At the start of Ruben Östlund’s The Square, arrogant Stockholm museum curator Christian (Claes Bang) is preparing to unveil a new installation pinned on a large neon square that the artist has placed in the concrete outside the museum. The Square “is a sanctuary of trust and caring. Within it we all share equal rights and obligations.” Three guesses as to what this movie is about. For the most part, Christian is a hypocritical, arrogant ass; he mistreats women and his subordinates, is immediately suspicious of the poor or the non-white, and is generally dismissive of anyone who can’t give him something he wants. He’s not the only one either: Anne (Elizabeth Moss), a journalist whom he casually sleeps with and then discards, and another artist, Julian (Dominic West), are both just as self-serving. What we see of the museum’s installations are an often hilarious but very on-the-nose parody of ineffectual conceptual art, like a bunch of piles of dirt sitting on the floor in an otherwise empty room that you aren’t allowed to take pictures in. Even the patrons are more interested in a buffet at an event than the work being feted or any of its ideas.

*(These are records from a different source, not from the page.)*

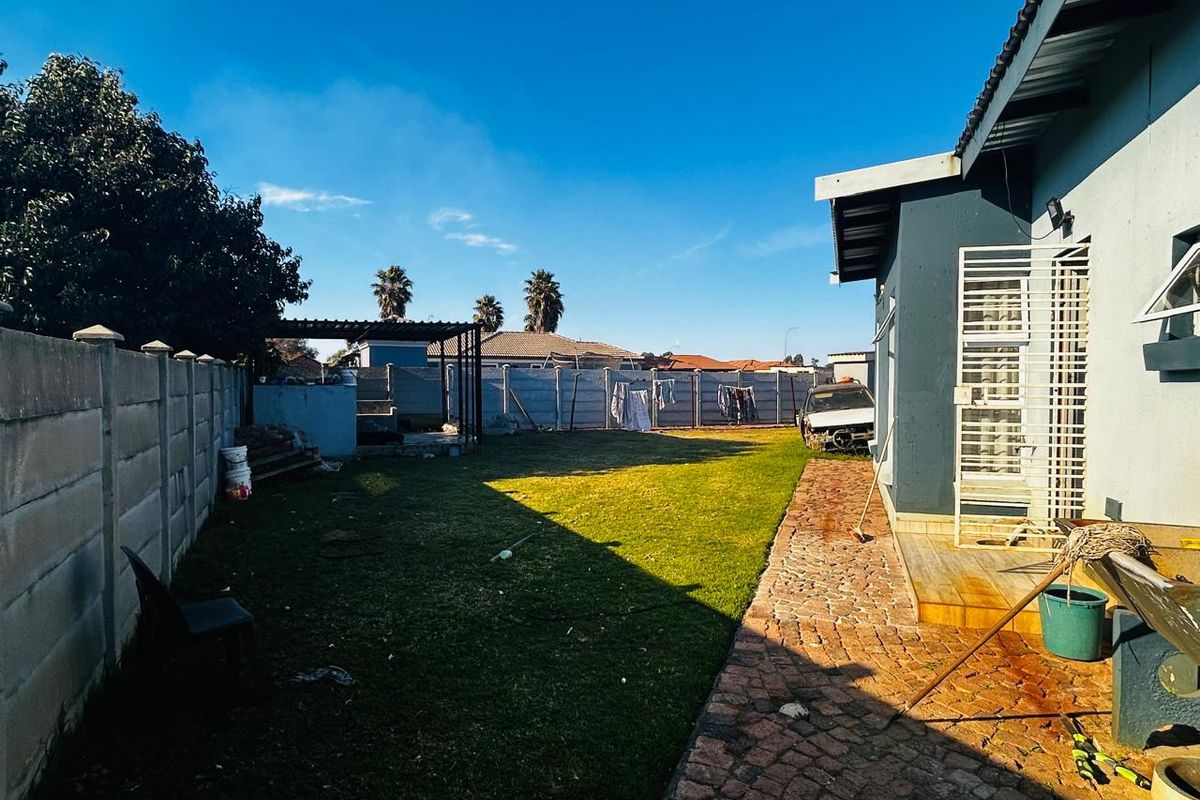 Spacious 4-Bed Home - Photo 2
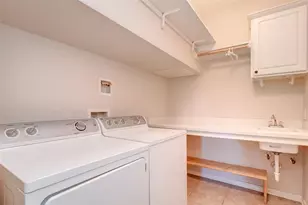 34 N Longsford Cir, The Woodlands, TX 77382 - Photo 11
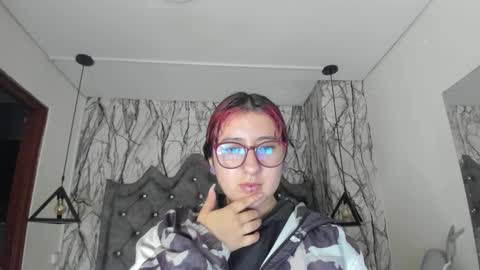  Lari online show from February 18, 1:54 am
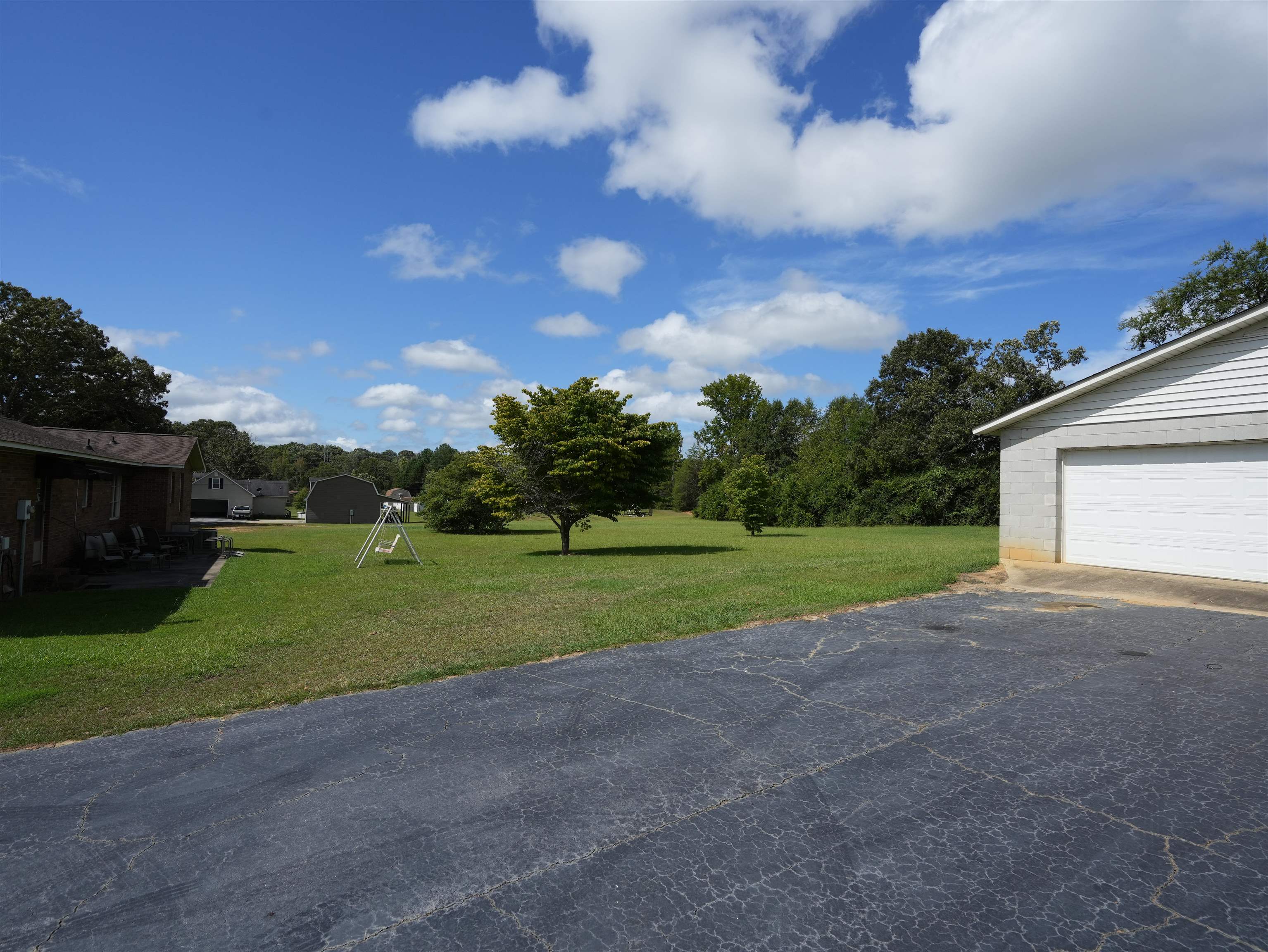 90 Rock Creek Road Laurens, SC 29360 - Photo 8 of 39 Gallery Image 8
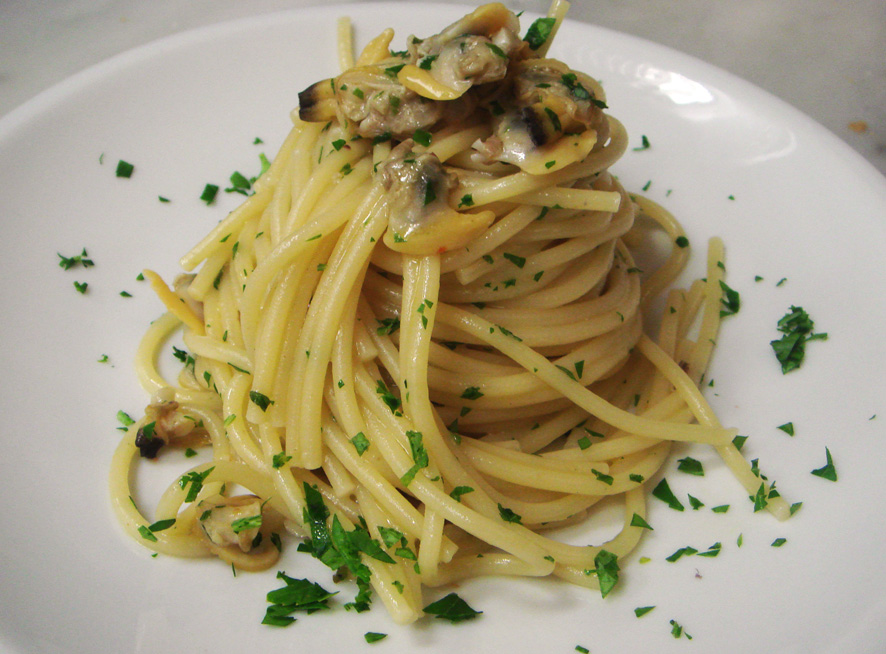 Spaghetti alle Vonghole - Spaghetti with clams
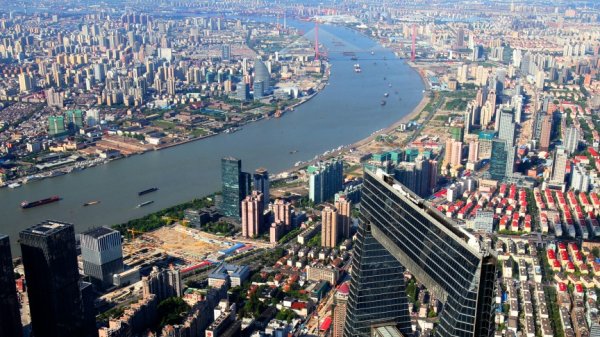 最大的股票配资公司 在深化办学定位中突出特色优势！陈吉宁在上海大学调研高校综合改革工作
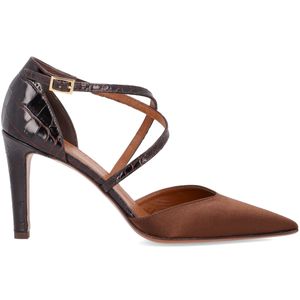 Brown pump with satin tip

And so what you’ve got is a heavy-handed, sort of clumsy commentary on inclusive spaces, unexamined privilege, and performative allyship that’s about people who make and promote heavy-handed, sort of clumsy art about inclusive spaces, unexamined privilege, and performative allyship — rather than confronting their own hypocrisies. And that’s fine enough: The Square is often very funny, it gets a lot of mileage out of its alleged timeliness, and, despite lacking almost any ambiguity whatsoever, it’s quite sharp with its barbs. A centerpiece scene, in which an actor, Oleg (Terry Notary), acts like a very aggressive ape and antagonizes the crowd at a fundraising gala, escalates from simple discomfort to sheer terror just as you’ve decided you’ve got the point of the scene — a gambit the film pulls off more than once. The Square feels spontaneous even when it’s most absurdly schematic, and during the many scenes in which characters explain it all to you.


Published as part of New York Film Festival 2017 | Dispatch 5.